本人的にもちょっと新機軸となるであろう趣向を凝らしたプロダクションの長尺トラックで、アコースティックなサーフェスを保ったまま展開でインディ・ダンスやハウス的な雰囲気に突入し更にニューオーダーへクロスフェードして戻ってくるというラウンドトリップ楽曲になってます。
決してガツンとクオリティの高いものではなくて、あくまでも手元の環境でDIY試行錯誤した手触りが直に伝わってくるのが非常に良く、これこそがインディの醍醐味といった魅力に溢れてます。


Unknown Mortal Orchestra – Nadja

来月リリースされるアンノウン・モータル・オーケストラの新作アルバムから新たな先行曲ビデオが公開。
今回は過去いちレベルでシンプルにしっとりとしたトラックで、人を食ったような雰囲気が一切ないのは珍しく感じるね。
シェイディな美しさのある淡々とした楽曲にボーカルもいつになくか細いタッチに引っ張られ、Whitneyあたりみたいな表情になってます。1曲くらいこういうのあってもいいと思うし、あの独特のギターサウンド自体はしっかりソロで入れてくるのでこの人だとはちゃんとわかるシグネチャー。


Hannah Jadagu – What You Did

ハンナ・ジャダグがデビューアルバムの5月リリースをアナウンスし先行曲を公開。
昨年9月にリリースしていた単発シングルも収録されるようで、当時もコメントしましたがこのSUB POP契約以降の新プロダクションが正直ハマっていなくて、またしてもやや勿体無い仕上がりに。
今回は結構重めにオルタナ突っ込んでヘヴィ・デューティなビッグビート・サウンド。
もともと、リアルタイマーじゃない感覚から繰り出されるチルウェイヴ、ブログ全盛期インディポップのごった煮ヤング宅録スターみたいな風情が最大の武器であり特徴のはずなんだけど、悉くそこを活かしきれてない。
まだ最初なんだから大きな路線変更する必要ないし、これじゃサッカー・マミー辺りの下位互換版みたいな雰囲気にわざわざ寄っちゃってるから、ちゃんと長所を伸ばして。

今週のLP/EPフルリリース

Carol – More Than A Goodbye (LP)

2年前のEPが何曲か気に入っていて、ギリギリで年末リストの選外にしていた彼女の新作は遂にフルアルバム、引き続きDisposable Americaということで期待していた。
うん、良いですね。編成とスタイル的には所謂SSWプラス固定のバックバンドというかたちですが以前より更にしっかりとバンドになった印象。リズムや展開のギミックというものが基本的には一切なく、ただしっかりと歌に寄り添うアンサンブルっていう事に徹底されているんだけど演奏に流したような雰囲気はなく確かに熱を感じるというか、信頼関係が構築されているのが伝わってくる。
フォーマットとしては完全にインディ・フォークロックでしかないんですが辛気臭い感じはなく、ボーカルがそこそこ「めんどくさ系」の歌唱法なのでどうしてもある程度以上はドラマティックな部分が出てくる。ただそこでミックスやアレンジをクセが強くなり過ぎず、鬱陶しくならないラインでほどほどに、美しくナチュラルに仕上げているのがベストなバランスで結実していてずっと聴いてられます。
おそらくなんですがあまりバックボーンとしてインディだオルタナだレフトフィールドだっていうトコに深い造詣と一家言あるようなタイプではないと思われ、下手すればしょうもないメジャー予備軍のオルタナポップ・アメリカーナになりかねないはずが何故かそういうものとは一線を画していて、そこがある意味ホンマもんの人たちには逆に真似できなさそうな変哲のなさを持っており不思議な部分も。いやらしさがなく真摯な感じがするからかな。
しかし、この身も蓋もない屋号ちょっとどうにかならんかな、特にここ日本だとあの矢◯◯吉のバンドと被ってっしよ。

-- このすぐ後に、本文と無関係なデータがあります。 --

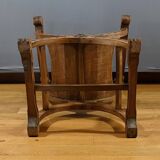 Fauteuil Dagobert en Noyer, style Médiéval – Fin XIXe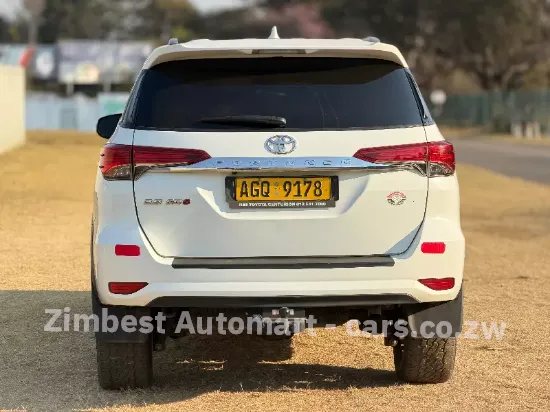 Picture of Toyota Fortuner 2019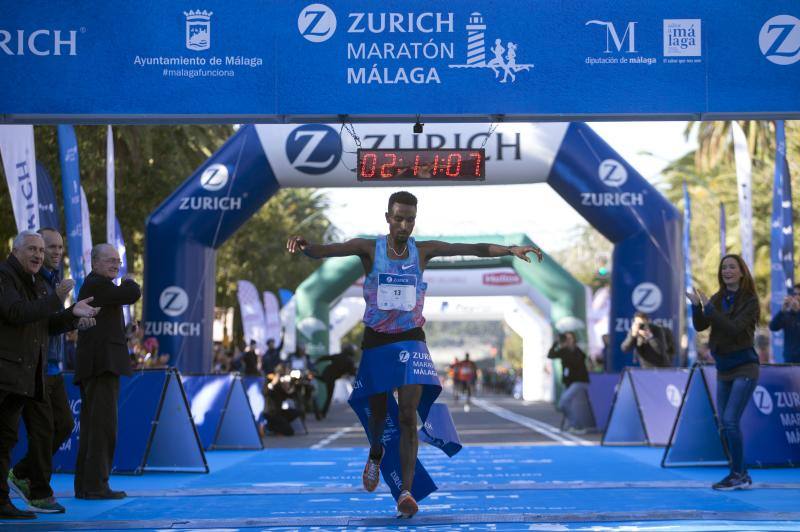 Unos 5.000 corredores participan en la novena edición de esta competición que este año tiene como novedad una prueba de 21 kilómetros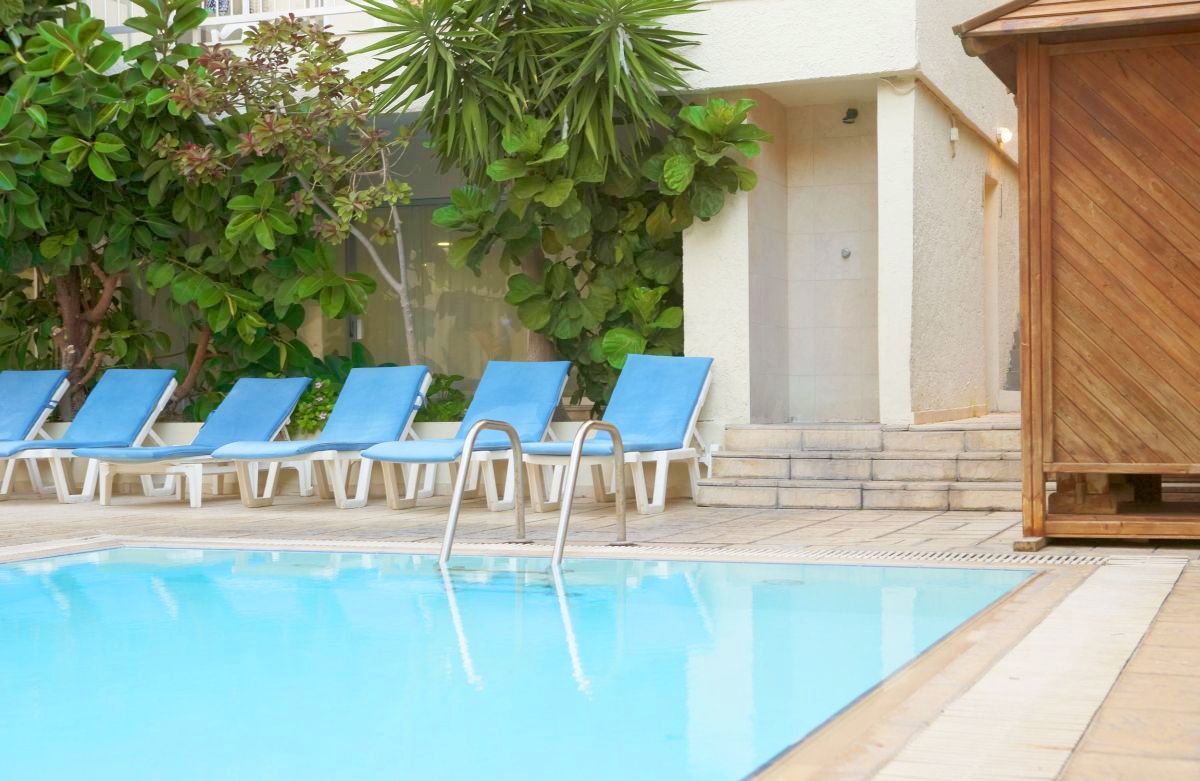 Esperia Hotel 3*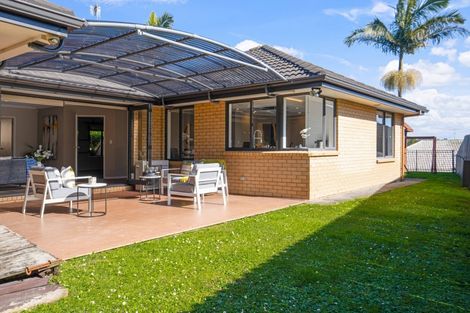 Photo of property in 27 Nimstedt Avenue, Oteha, Auckland, 0632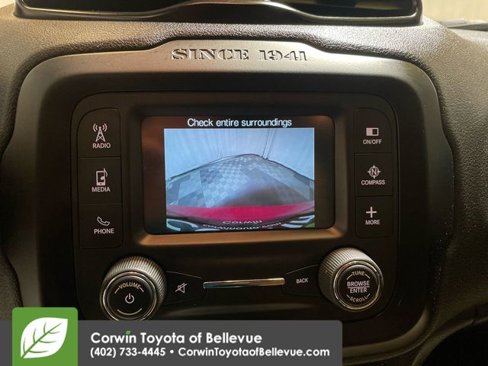 Used 2015 Jeep Renegade Latitude w/ Cold Weather Group II image 18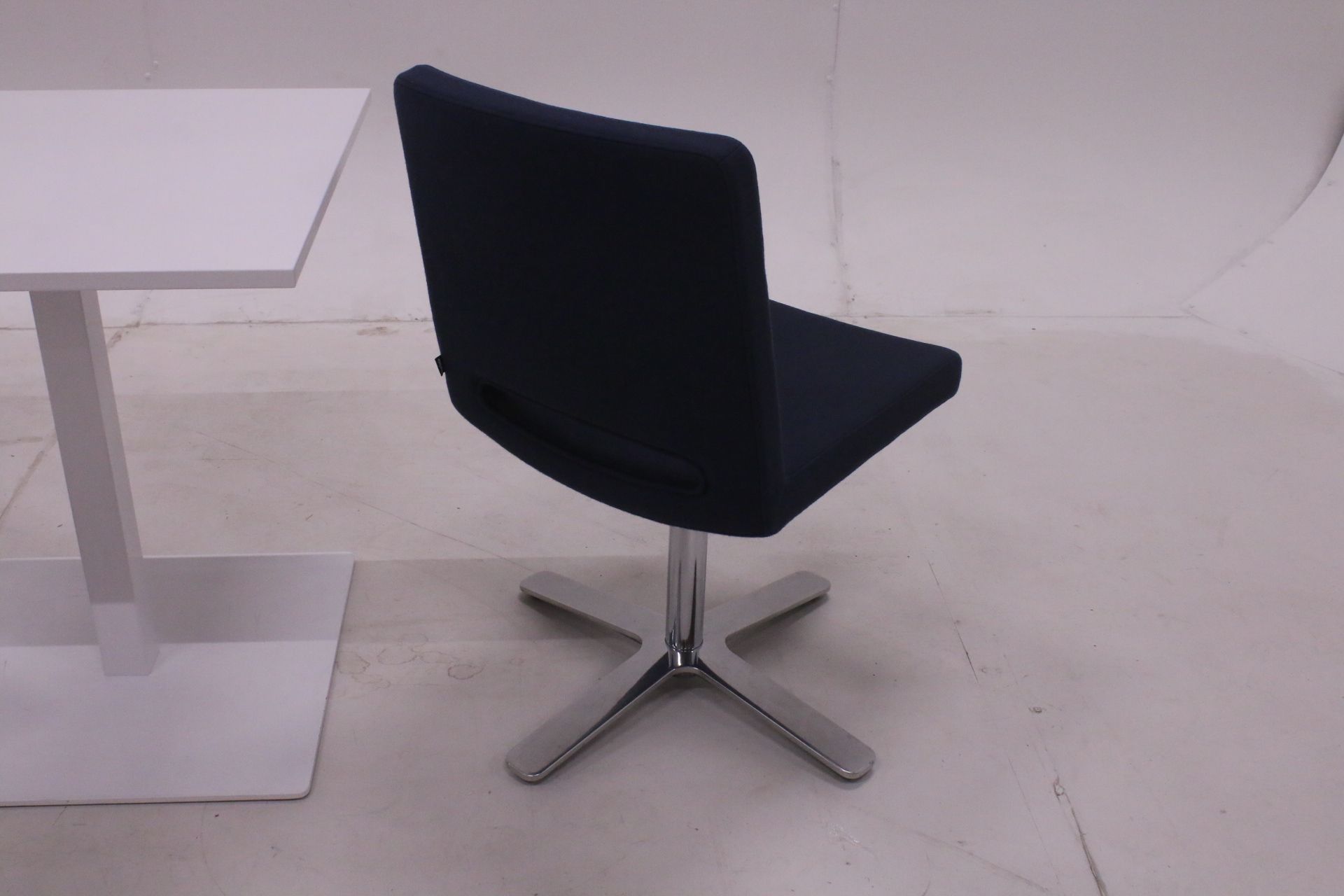 Image 6/7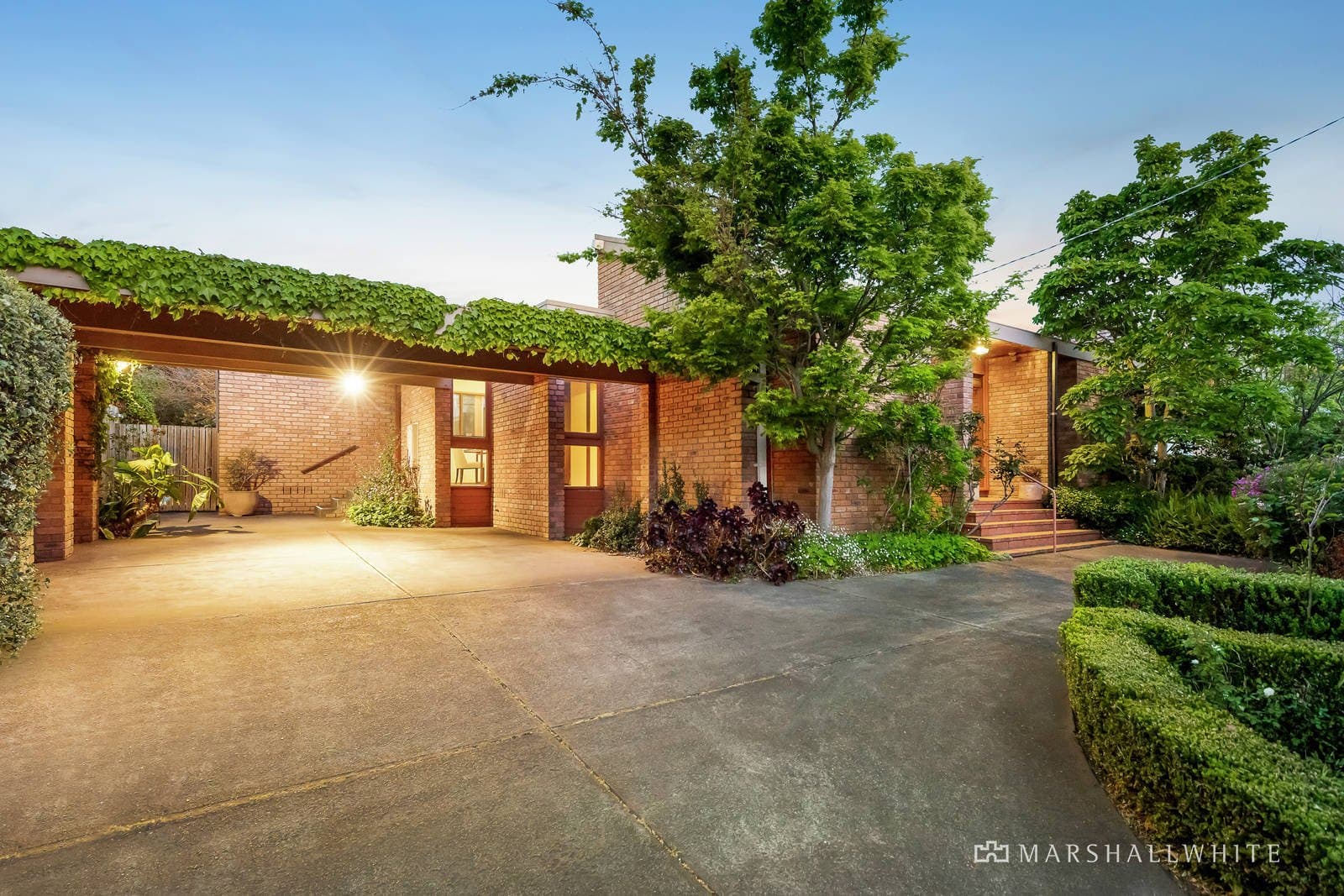 233 Union Road, Surrey Hills - Image 1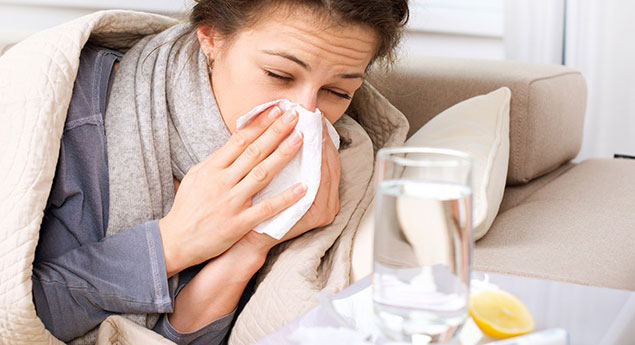 Gribin giriş kapısı eller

Model/Actriz – Dogsbody (LP)

メディアでのハイプっぽい扱われ方を少し感じて警戒してたがうん、確かにこれは格好いい。
基本ノーウェイヴというか、インダストリアルも入ったエクスペリメンタル・ポストパンクといったところで、中後期のLiarsの音楽性をエレクトロニック全振りじゃなくして表現してる感じとか、ポストエレクトロクラッシュ的な見方もできる。ピンポイントではXiu Xiuみたいな瞬間もあるけどあそこまでアーティスティックではなくて、破壊的な雰囲気も過剰ではなく全体的にはソリッドで色気のある優等生的な仕上がり。
ちゃっかりM-5とかM-10みたいなのも入れてるのがポイント高い、それもちゃんとモノにできてるしね。True Pantherからってのもなんだか絶妙に納得できる整った内容です。